Addie immediately built the most impressive and imposing of all of the Skyland cabins from the Pollock era, Massanutten Lodge, designed by the noted Washington, DC architect Victor Mindeleff and constructed in 1911.

George Pollock had worked at Glen Echo, originally a summer chautauqua just outside Washington DC, 20 years prior, and had met Victor Mindeleff there. Mindeleff also designed a cabin for himself at Skyland with the telling name of Tryst-of-the-Wind.

In his 1923 Annual Report to the Secretary of the Interior, Stephen T. Mather, Director of the National Park Service, suggested that a national park be established in the eastern United States, possibly in a “typical section” of the Appalachian Mountains.
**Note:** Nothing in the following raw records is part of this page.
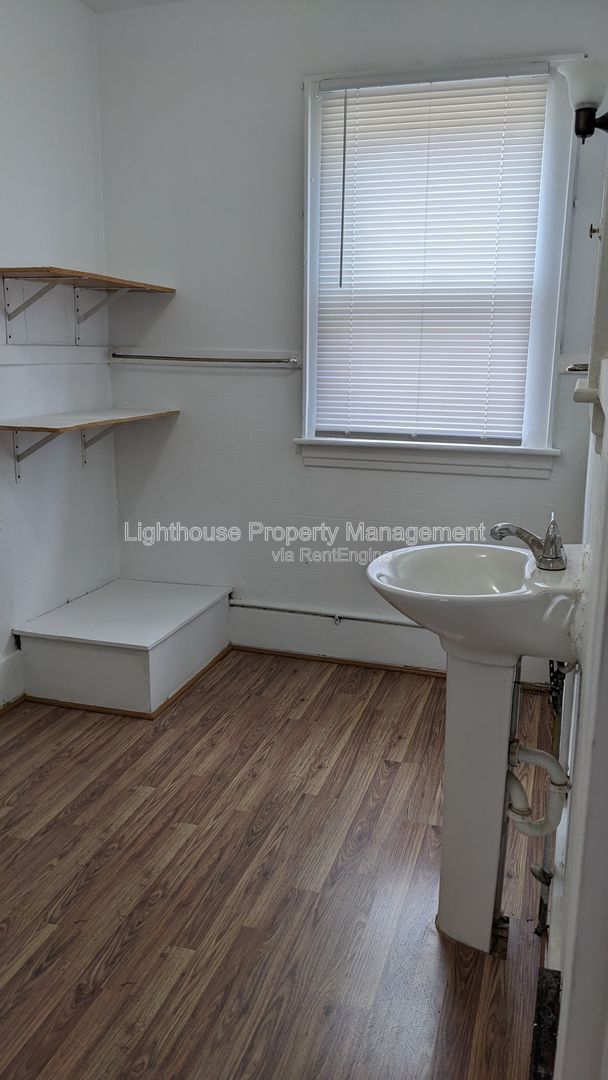 Building Photo - 511 Locust St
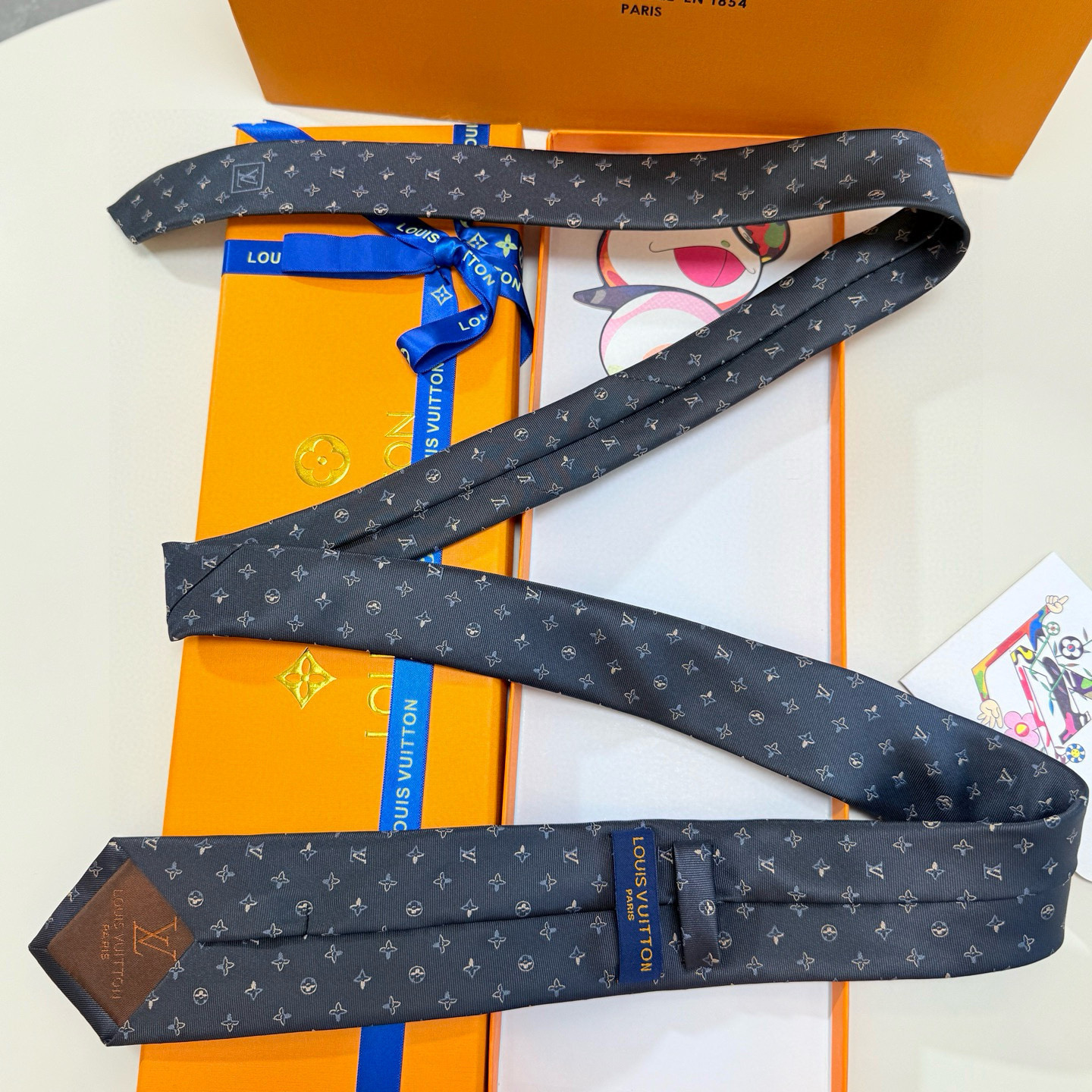 特价💰LV男士领带系列👔👔，稀有😻😻展现精湛手工与时尚优雅的理想选择，此款真丝织就的Diamonds V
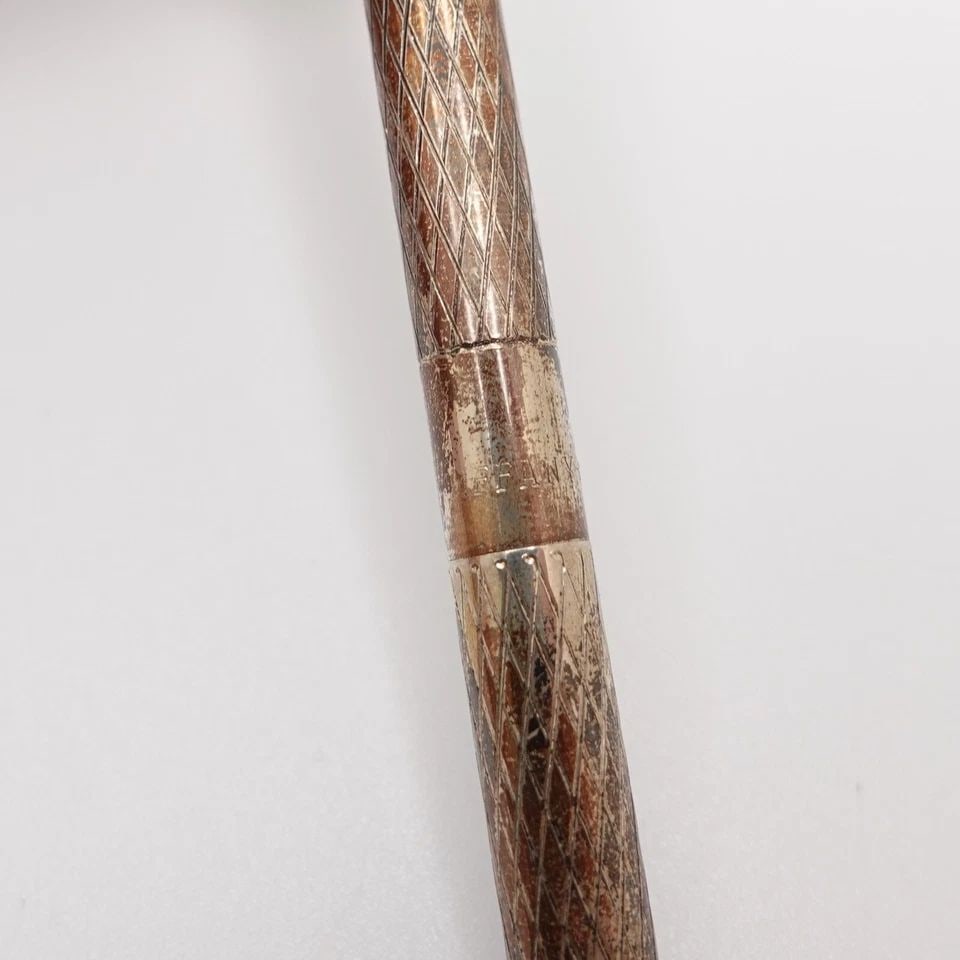 TIFFANY & CO. STERLING SILVER DIAMOND PATTERN BALLPOINT PURSE PEN - 4.5" #Q2: Tiffany & Co. Sterling Silver Diamond Pattern Ballpoint Purse Pen Length - 4.5" Elegant & Slim Style The ink is running - it may require new refill Pouch & Box Not Included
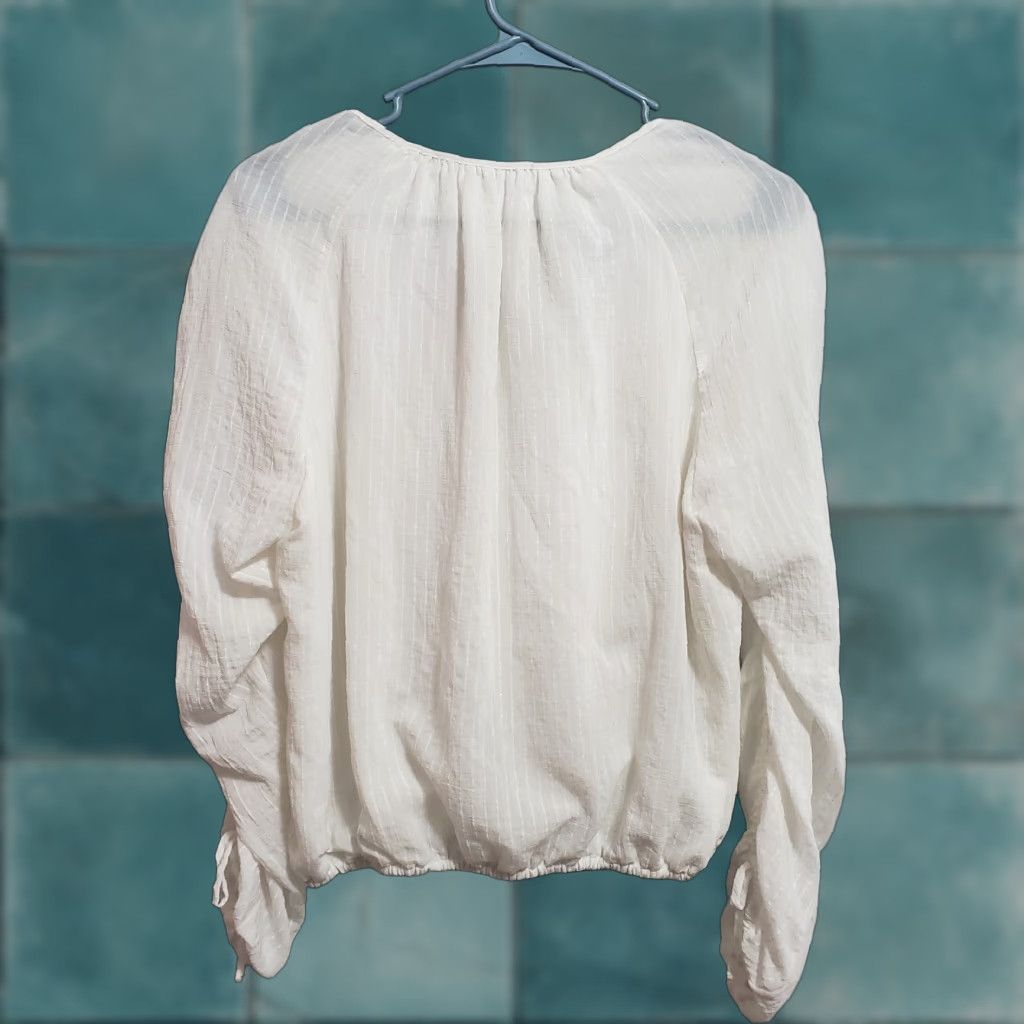 ASTR The Label ASTR The Label Blouse Women M White Ruched Sleeve V Neck Sheer Peasant Boho Shirt Size M / US 6-8 / IT 42-44 - 1 Thumbnail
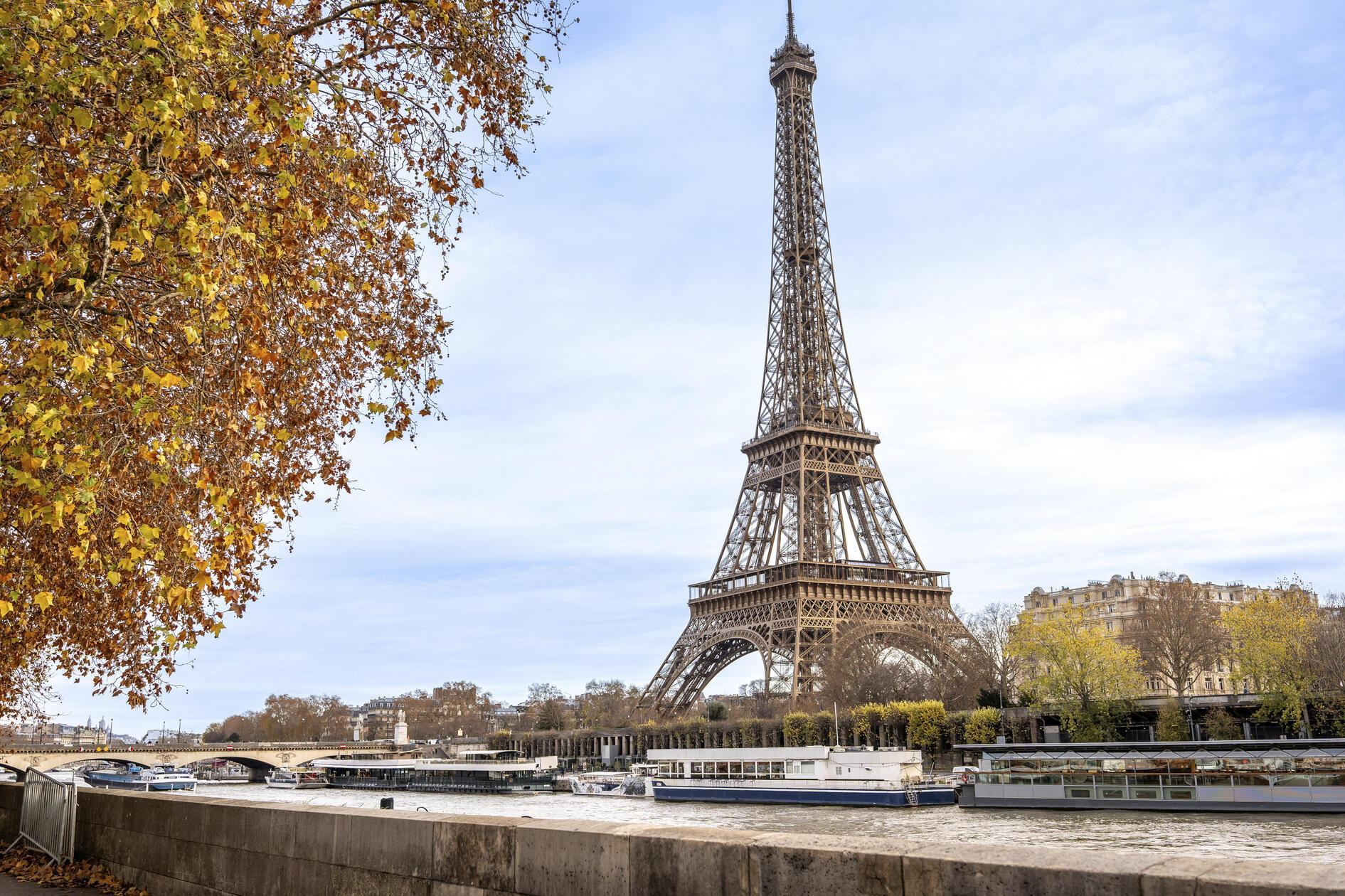 Den Eiffelturm in Paris hätten wohl die wenigsten in diesem Ranking erwartet, tatsächlich aber landet er auf Platz 3 der unbeliebten Sehenswürdigkeiten. 1291 Bewertungen sind der Auswertung zufolge negativ. Ein Blick auf die Google-Rankings aber zeigt: Bei 482.236 Bewertungen kommt der Eiffelturm auf 4,7 Sterne. Viele Touristinnen und Touristen dürften ihr Herz also doch an das Monument verloren haben. Die Menschen bemängeln mitunter Wartezeiten und Eintrittspreise.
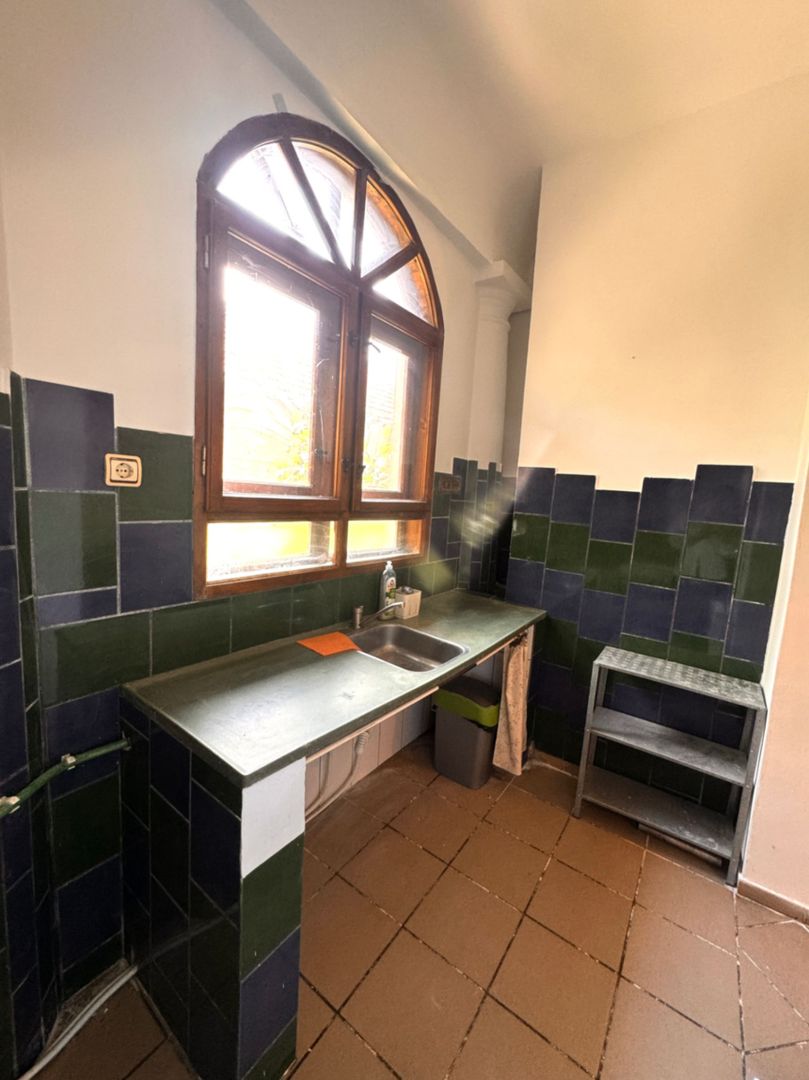 Apartament spațios la curte comună – zonă centrală, Oradea - Poză 12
The following year, Secretary of the Interior Hubert Work acted on Mather’s idea and appointed the Southern Appalachian National Park Committee to study and recommend potential sites for a park. After reading a Washington Star article regarding the committee’s search, Harold Allen, a frequent guest at Skyland, sent the newspaper clipping to Pollock with the words “Why not Skyland?” written on the page.

Massanutten Lodge shortly after its completion.

Although Pollock did not respond, Allen remained persistent. When he learned that the committee believed that there were no appropriate sites north of the Smoky Mountains, he obtained a copy of the committee’s site selection questionnaire, and with the help of Pollock and George Judd, completed the form during a visit to Skyland during 1924. He then returned the questionnaire to the committee in Washington.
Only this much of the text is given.